I have officially hit my three-month mark here with the Co-op and I am really enjoying working with all of my colleagues. In this short period of time, I have heard a lot of feedback from our team members across locations about desired improvements to our organization’s culture. I am excited about the DEI work going on with Deo Mwano’s team, a re-commitment to open book management, and the efforts going into cross-location communication. While the “cure” cannot happen all at once, I am confident we are moving in the right direction.
Something else I’ve heard from many people across the organization—both members and employees—is the desire to hear more about our financial position and results, including learning more about the reasons behind those results. With that being said, let’s talk about finances!

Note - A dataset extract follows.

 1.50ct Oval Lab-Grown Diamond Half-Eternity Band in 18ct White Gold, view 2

This time last year, we were budgeting for the year ahead, and we knew it was going to be a tough one. The primary reason, of course, is inflation. With inflation, we expected costs to rise, which of course we didn’t want to entirely pass along to customers. One, it’s the right thing to do. Two, it’s bad business, and would price us out of the market.
So taking inflation into account, this time last year we budgeted for a loss of approximately $336k. The good news is that as we enter the fourth quarter, the loss is nowhere near what we’ve budgeted for.

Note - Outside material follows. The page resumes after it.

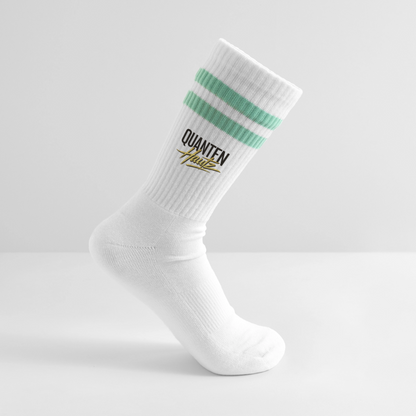 Quanten Hautz Gestreifte Tennissocken - Weiß/Mint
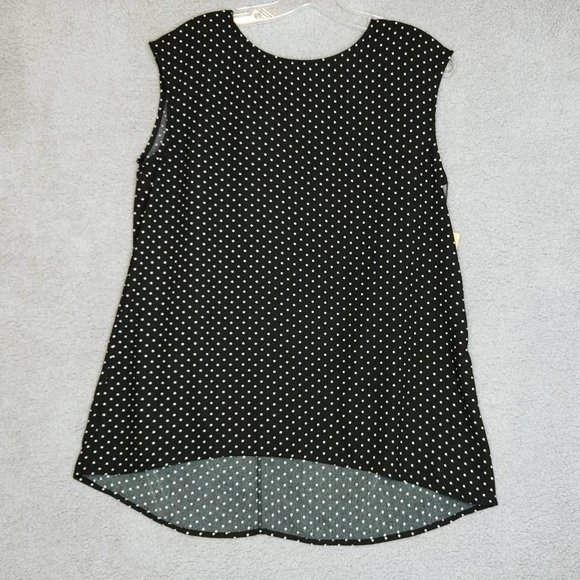 Halogen Womens Blouse Black White Polka Dot High Low Crew‎ Keyhole Back S New - Picture 1 of 8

For the nine months ended October 1, 2022, our consolidated loss (the loss across all business units) was approximately $138k, putting us $198k ahead of our budget. There are a few things contributing to this, as detailed below:
Wages and Benefits Expense
While our sales are lower than budget, our wage and benefits expense is also lower than budget due to our staffing issues. Let me be clear—this is not a good thing! We want to be fully staffed and incurring all of our budgeted wage and benefits expense. However, in the unique position we are in with such a tight labor market this year, the savings in personnel costs are a large part of why we are doing better than we expected.

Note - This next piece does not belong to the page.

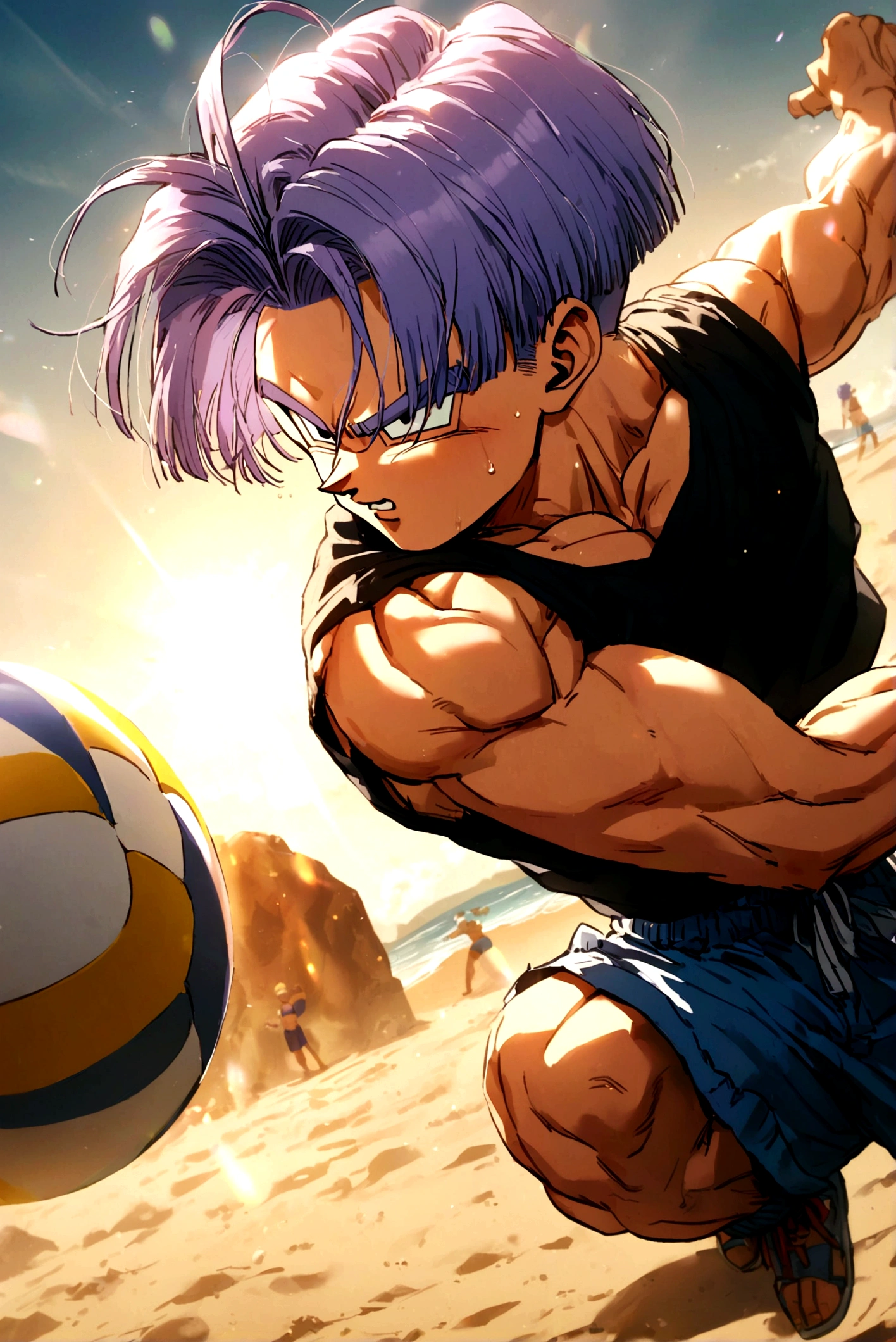 1boy, male focus, piccolo, dragon ball, playing beach volleyball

The way that staff have worked harder and smarter this year to do more with less is nothing short of miraculous, and it is very appreciated. More to come on ways we are planning on recognizing staff in Q4 for going above and beyond.
General & Administrative costs
Savings on resource center costs—we have incurred $204k less than our budgeted costs within the resource center thanks to our various departments carefully watching their spending.
We received money back from a vendor to compensate us for all of the supply chain issues that affected us in 2021.
At this moment, we are working on the budget for 2023. While it seems this is said every year, 2023 is going to be a particularly tough year. Inflation is expected to increase an additional 10% in 2023 (on top of the unprecedented inflation experienced in 2022). As mentioned previously, not all of those price increases on the products we purchase can be passed on to our customers/members.
As a result, margins will be thinner in 2023, and we will have to reduce expenses accordingly. We are working to find creative ways to reduce costs without affecting our ability to invest in our greatest asset—our people!
If you have any questions at all, please do not hesitate to reach out—you can call me at (603) 643-2667 extension 2851, or send me an email at firstname.lastname@example.org.
Thank you to all of our members!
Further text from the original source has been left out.